Faith and Terror
In his latest novel, John Updike explores the nature of faith through the eyes of a would-be terrorist.
“Terrorist” by John Updike. (Knopf)
By Adrienne LaFrance
Perhaps it was a task too ambitious even for a writer as exquisitely talented as John Updike. In his latest novel, “Terrorist,” Updike’s attempts to get inside the mind of a would-be suicide bomber fall short.
A novel largely about the nature of faith, “Terrorist” follows the story of 18-year-old Ahmad Ashmawy Mulloy in the four months after his graduation from high school in the fictional Northern New Jersey mill town New Prospect.
Since the age of 11, American-born Ahmad has embraced Islam, and uses his faith to fill the void left by the Egyptian father who abandoned him, and his flighty Irish mother, an ugly mix of selfish and naive, who goes through boyfriends like Kleenex.
Over the course of the summer following his graduation from high school, and under the influence of a corrupt spiritual mentor at the local mosque who convinces the straight-A student to obtain his truck driving license rather than pursue a college education, Ahmad’s intense disapproval for Western Culture jumps (with limited explanation) into a willingness to become a suicide bomber.
The filter through which Updike sees the world has long seemed like a universal lens for illuminating human nature. He is masterful at highlighting the emotional subtleties that define a person, and breathing life and authenticity into all that he imagines. But in “Terrorist,” the elements of Ahmad’s character so critical to plot development are lacking, making key portions of the story hard to believe.
Ahmad’s interest in driving trucks is initially based on the precision with which one must handle equipment (checking the air in tires, carefully wiping the windshield clean, and so forth), reflecting the discipline with which he approaches his faith.
He is too gentle a boy even to kill a bug (a characteristic that is referenced multiple times), but doesn’t think twice about committing mass murder in the name of his faith when asked by a man who looks at the Manhattan skyline and says it’s nice “to see those towers gone.”
It is also unclear as to why Ahmad believes pursuing higher education at a university that promotes ideals of Western culture would be too much a part of “Godless culture,” the “American religion of freedom” he disdains, but driving a furniture delivery truck that propels the consumerism of such a culture is forgivable.

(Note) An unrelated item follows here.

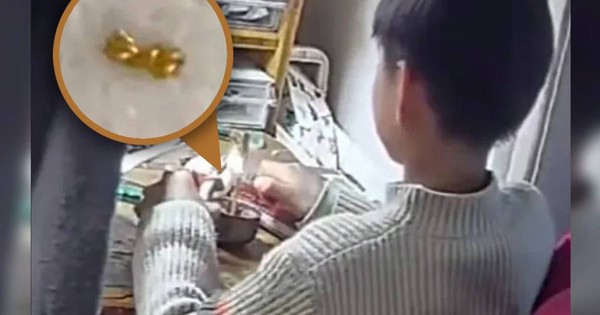 Bé trai 8 tuổi cắt vụn dây chuyền vàng của mẹ đem tặng bạn cùng lớp, bố mẹ sốc khi xem lại camera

On one hand, the discrepancy between Ahmad’s gentle nature and severe faith only compounds the incomprehensibility of terrorist acts and those willing to commit them. It is also testament to the power of radical ideology to transcend rationality. But Updike doesn’t delve deeply enough into Ahmad’s character to make such discord work in the story’s favor. When Ahmad is introduced, he is already so immersed in his faith that it’s difficult to fully understand how he got there and why he is so driven by religion.

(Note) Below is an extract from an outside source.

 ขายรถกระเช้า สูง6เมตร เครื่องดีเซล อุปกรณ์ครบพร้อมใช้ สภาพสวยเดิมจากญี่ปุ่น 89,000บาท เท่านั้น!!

More often, Updike uses development of other characters to emphasize Ahmad’s character. For example, there’s high school guidance counselor Jack Levy, who is Jewish but has abandoned his faith (and consciously chooses “Jack” over his given name “Jacob” as a result), and his wife Beth, who forwent her Lutheran background and parental approval to marry Jack– though they barely connect anymore, in what has become an unhappy, mundane marriage.
As usual, Updike’s attention to peripheral detail is delectable. For example, a nose ring becomes “a silver bead, holding a tiny reflection of the sky, in one nostril wing,” and Ahmad’s mother’s eyes are “pale green, like the glass bottles Coke used to come in.” Readers who can delight in these descriptions will happily forgive the portions of the book that falter.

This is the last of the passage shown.